La historia también muestra que los científicos son capaces de notar fenómenos sorprendentes, incluso los científicos sesgados que tienen una teoría favorita que no encaja con los fenómenos. El físico del siglo XIX David Brewster creía incorrectamente que la luz está compuesta de partículas que viajan en línea recta.

Pero esto no afectó sus observaciones de numerosos fenómenos relacionados con la luz, como lo que se conoce como birrefringencia en cuerpos bajo estrés. A veces la observación no está cargada de teoría, al menos no de una manera que afecte seriamente el descubrimiento científico.

Necesitamos tener una mente abierta

Ciertamente, los científicos no pueden proceder con sólo observar. La observación científica necesita ser dirigida de alguna manera.

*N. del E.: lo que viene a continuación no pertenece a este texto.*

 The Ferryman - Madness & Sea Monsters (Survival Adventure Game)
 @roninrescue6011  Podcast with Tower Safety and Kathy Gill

Pero al mismo tiempo, si tenemos que «esperar lo inesperado», no podemos permitir que la teoría influya fuertemente en lo que observamos, y en lo que cuenta como significativo.

Debemos mantener una mente abierta, fomentando la exploración de los fenómenos al estilo de Brewster y otros estudiosos similares del pasado.

Estudiar el universo en gran medida sin ataduras a la teoría no sólo es un esfuerzo científico legítimo – es crucial.